4 Visualizing the titration curve
Let’s calculate points for our titration curve, sampling τ from 0 (no added base) to 2.5 (excess base):
titrationCurve = Table[{τ, f[τ]}, {τ, 0, 2.5, 1/1000}];The derivative of the pH curve helps identify equivalence points, where we see sharp changes in pH:
df = f';We’ll calculate this derivative curve as well:
diffCurve = Table[{τ, Chop@df[τ]}, {τ, 0, 2.5, 1/1000}];Finally, we can plot both curves:
plot = ListLinePlot[
{titrationCurve, diffCurve},
PlotLegends -> {"pH(τ)", "dpH/dτ"},
PlotRange -> {{0, 2.5}, {0, 14}},
PlotTheme -> "Detailed",
FrameLabel -> {"degree of titration τ"}
]
The differential curve (\frac{\mathrm{d}\text{pH}}{\mathrm{d}\tau}) shows peaks at these equivalence points.

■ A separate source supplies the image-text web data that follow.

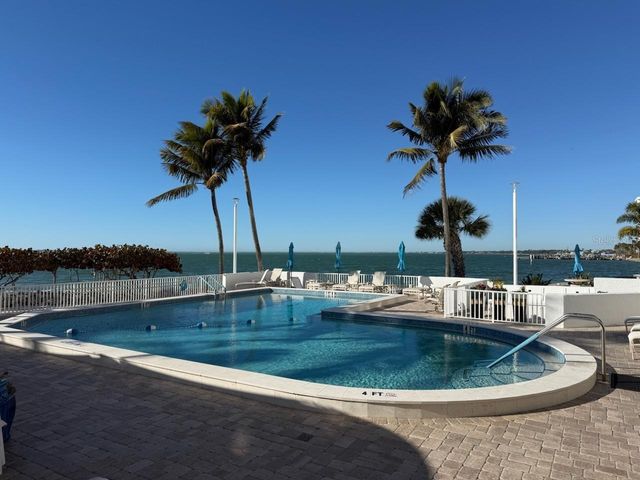 11 SUNSET DRIVE 105, Sarasota, FL 34236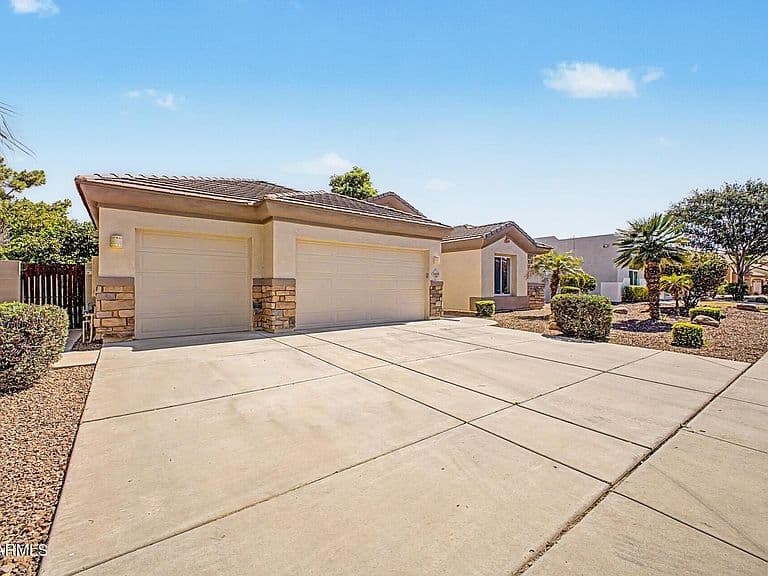 3469 E MOCKINGBIRD Drive photo 2
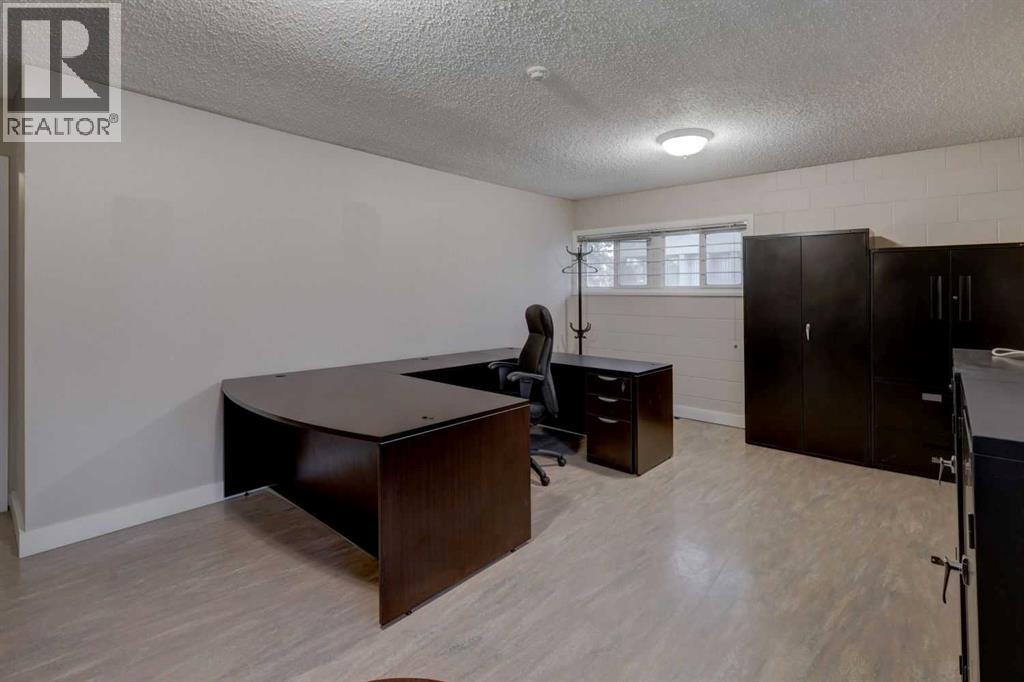 3060 17 Avenue SW, Calgary, Alberta  T3E 7G8 - Photo 17 - A2332551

The buffer regions, where pH changes slowly, occur around \tau = 0.5 and \tau = 1.5.
These buffer regions correspond to solutions where the ratio of acid to conjugate base forms provides resistance to pH changes upon addition of small amounts of strong base or acid.
With this analytical approach, we can predict titration behavior for any dibasic acid by simply changing the pK_{a} values in our model.